分野は違いますが、テスト製作のプロであるETSにも同様の「プロ美」を感じます。彼らが作る問題には超一流のプロだけが持つ様式美があって、それは我々常人には到達できない域にあるのです。もちろん、我々著者はなんとかそれに近づけるよう研さんを重ねてはいますが、プロ野球でいえば、ETSは上原選手のようなスター、我々は2軍か、頑張っても普通の1軍選手ほどの「努力では埋めがたい差」があるように思います。
たとえが適切かはわかりませんが、私は自分が「なんでも鑑定団」の鑑定士のような存在だと思うことがあります。たとえば、本試験で出題されるPart5の穴埋め問題では、正解はぱっと見でほとんどわかります。ETSの様式美に合う答えが一つしかないからです。これは、本物か偽物かが見た瞬間にわかる鑑定士と同じなのではと思うのです(もちろん、鑑定士だって人間ですから間違うこともあります)。

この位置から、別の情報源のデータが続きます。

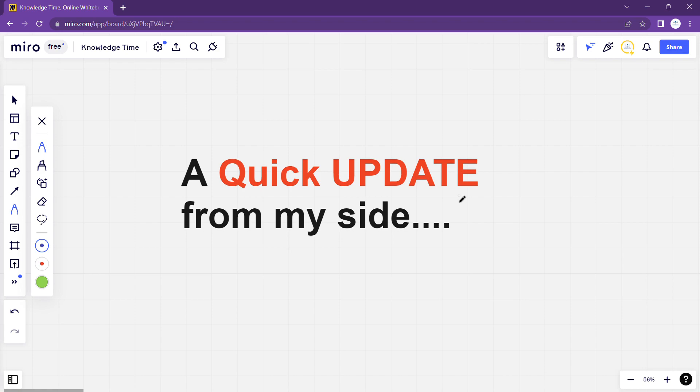All right friends, a very warm welcome in this video. In this video I am going to give you a small update from my side.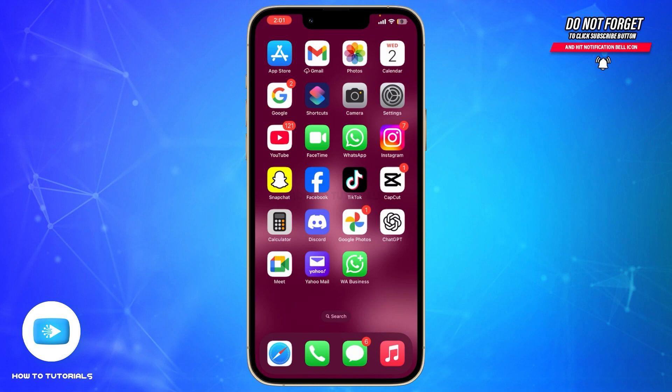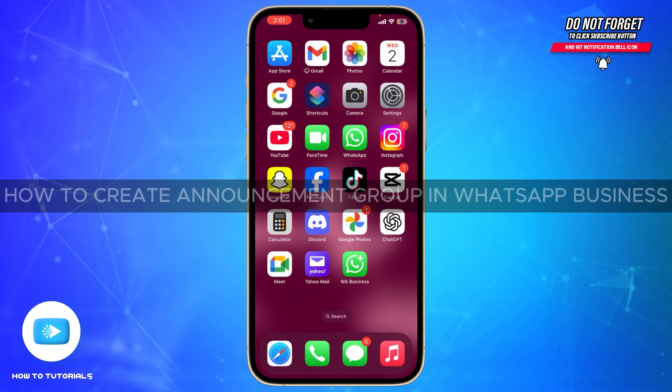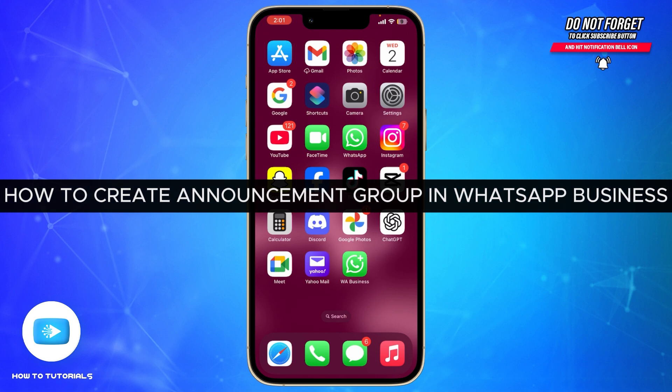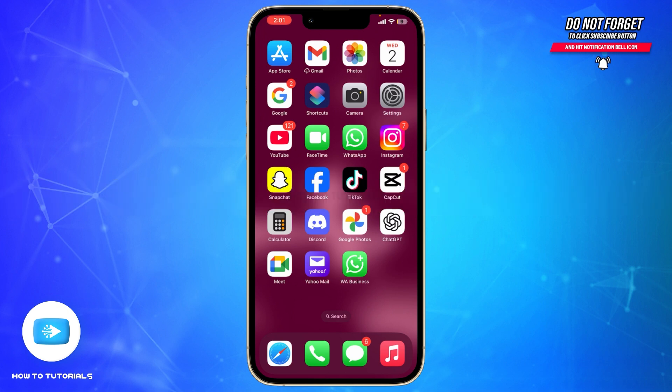Hello everyone, welcome back to our channel How To Tutorials. In today's video, we are going to see how to create an announcement group in WhatsApp Business. It is a very simple process, so let's dive right into it. The first thing you have to do is open WhatsApp Business on your phone.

講師や著者の仕事を続けているうちに、こうした「TOEIC審美眼」はいつの間にか身についてしまった気がします。身に着けたいと思ったことはありませんし、持っていてもあまり役には立たないものですが。授業や著書で「これが一番美しいから正解」などという解説をしたら、生徒や読者から苦情が殺到しますしね。鑑定士なら審美眼を生業にできますが、我々はTOEICの正解がわかったところで、それだけでは生きていけないしなあ(ぶつぶつ)。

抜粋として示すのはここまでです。